Provided data –
- Opening Delimiter -

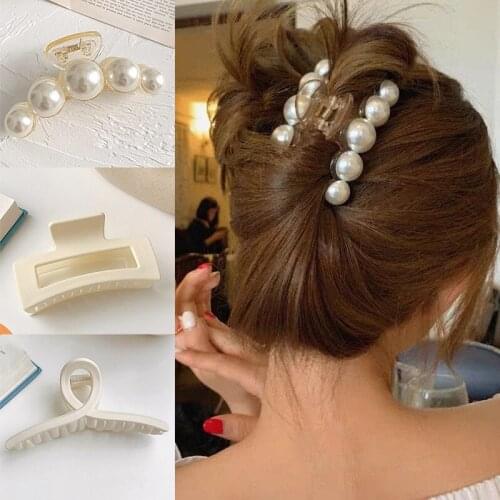 2pcs Square Acrylic INS Korean Hair Clips Girls Transparent Hairpins Crab Claws Clamp Korean Hair Accessories for Women Hairpin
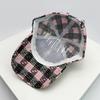 Baseball Color Contrast Blocking Houndstooth Check Women  Men Her Him For Fresh Caps Peaked Hats Sunshade Versatile Breathable Outdoor Snapback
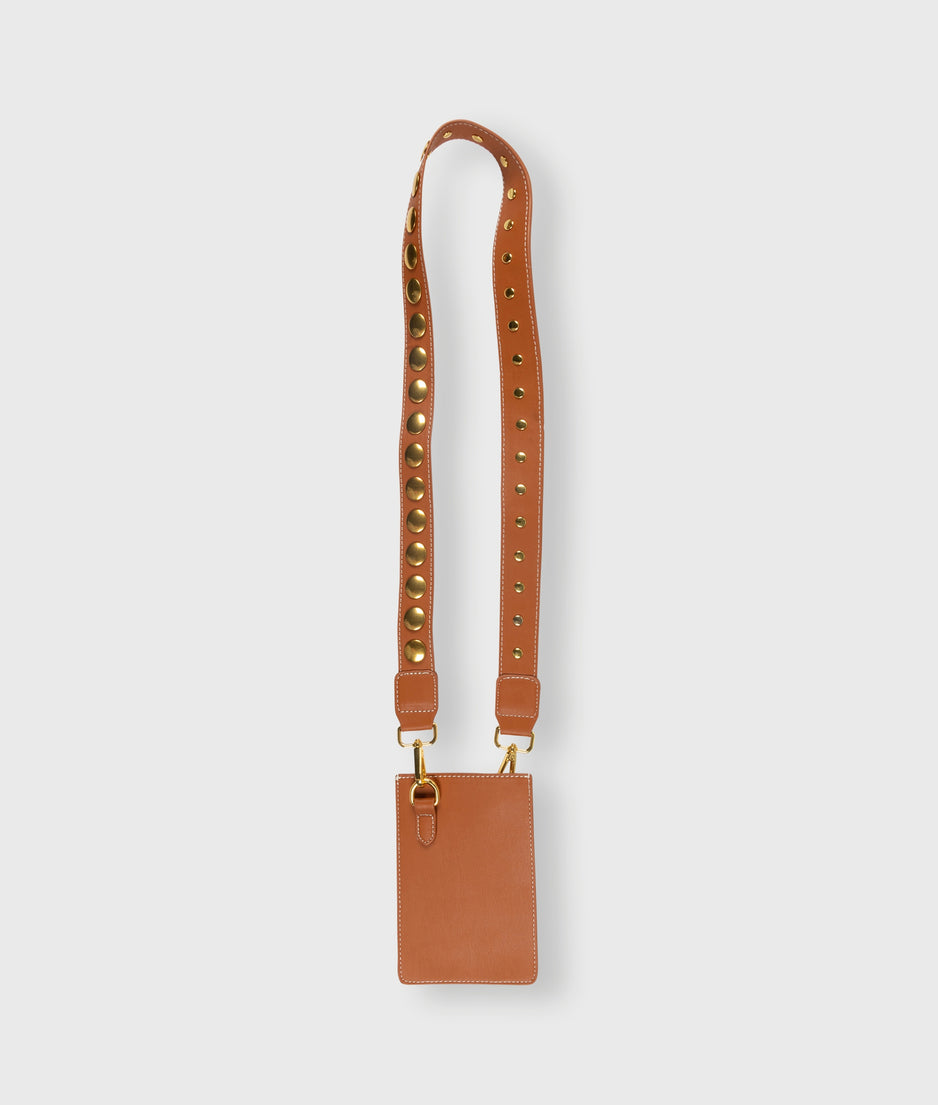 phone bag | saddle brown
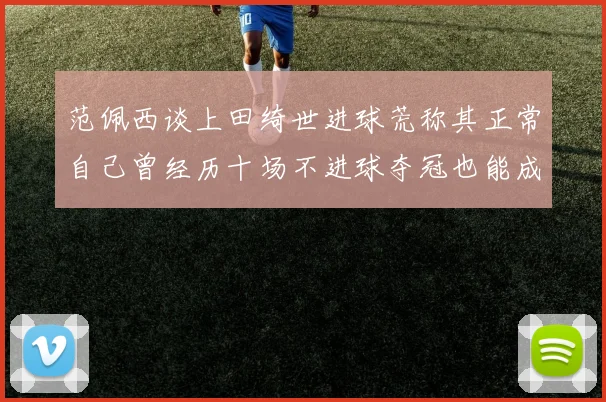范佩西谈上田绮世进球荒称其正常自己曾经历十场不进球夺冠也能成功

- Closing Delimiter -

Give all of the material again, exactly, apart from the pictures.

 2pcs Square Acrylic INS Korean Hair Clips Girls Transparent Hairpins Crab Claws Clamp Korean Hair Accessories for Women Hairpin
 Baseball Color Contrast Blocking Houndstooth Check Women  Men Her Him For Fresh Caps Peaked Hats Sunshade Versatile Breathable Outdoor Snapback
 phone bag | saddle brown
范佩西谈上田绮世进球荒称其正常自己曾经历十场不进球夺冠也能成功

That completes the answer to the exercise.